The area of ABCD is 36 cm².

Step-by-step explanation:

Given information: ABCD is a parallelogram, E is the midpoint of BC and AE ∩ BD=F.

In triangle EBF and ADF

$\angle FBE=\angle FDA$          (Alternate interior angles)

$\angle FEB=\angle FAD$          (Alternate interior angles)

$\angle BFE=\angle DFA$          (Vertically opposite angles)

Therefore triangle EBF and ADF are similar triangles by AA rule.

The sides BC and AD are opposite sides of parallelogram, therefore their lengths are equal. E is midpoint of BC.

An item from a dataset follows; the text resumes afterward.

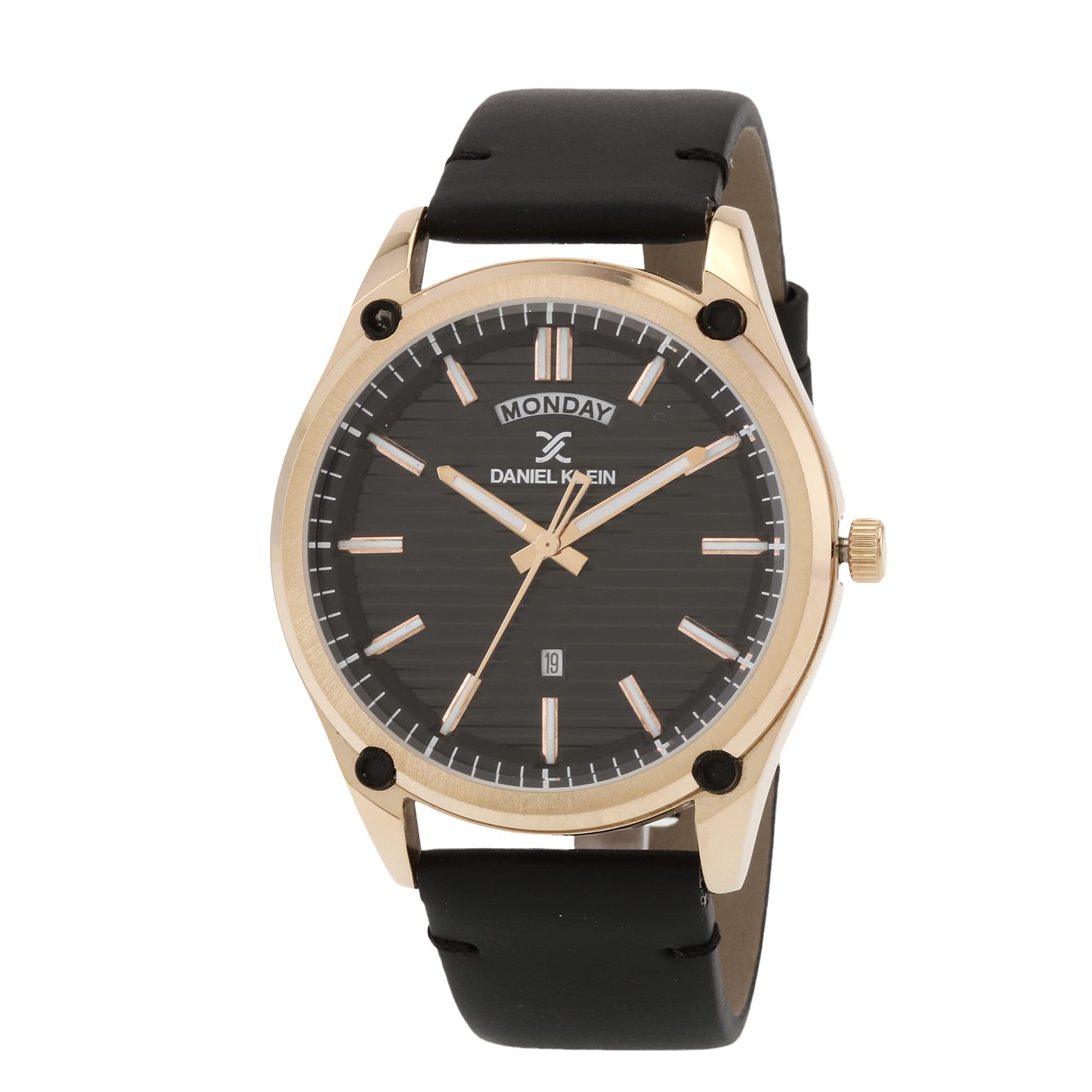 Daniel Klein Analog Black Dial Mens Watch-DK.1.12381-4 (B09DSPGQ7D) Amazon Price History, Amazon Price Tracker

$\frac{BC}{AD}=\frac{1}{2}$

If a point divides the side of a triangle in m:n, then the line segment between the point and the opposite vertex, divides the area of triangle is m:n.

Therefore the sides of triangle are in proportion of 1:2 and we can say that the point F divides the line EA and BD in 1:2.

In triangle ABE, the line BF divides the area of triangle is 1:2.

$\text{ Area of }\triangle BEF:\text{ Area of }\triangle ABF=1:2$

$\text{ Area of }\triangle ABF=2\text{ Area of }\triangle BEF$

$A_{\triangle ABF}=2A_{\triangle BEF}$

$A_{\triangle ABF}=2\times 3=6$

In triangle ABD, the line FA divides the area of triangle is 1:2.

$\text{ Area of }\triangle ABF:\text{ Area of }\triangle DFA=1:2$

$\text{ Area of }\triangle DFA=2\text{ Area of }\triangle ABF$

$A_{\triangle DFA}=2A_{\triangle ABF}$

$A_{\triangle DFA}=2\times 6=12$

$A_{\triangle ABD}=A_{\triangle ABF}+A_{\triangle ADF}$

$A_{\triangle ABD}=6+12=18$

Since AD is a diagonal of the parallelogram, therefore AD divides the area of parallelogram in two equal parts.

$A_{\triangle ABCD}=2A_{\triangle ABD}$

$A_{\triangle ABCD}=2\times 18=36$

Therefore the area of ABCD is 36 cm².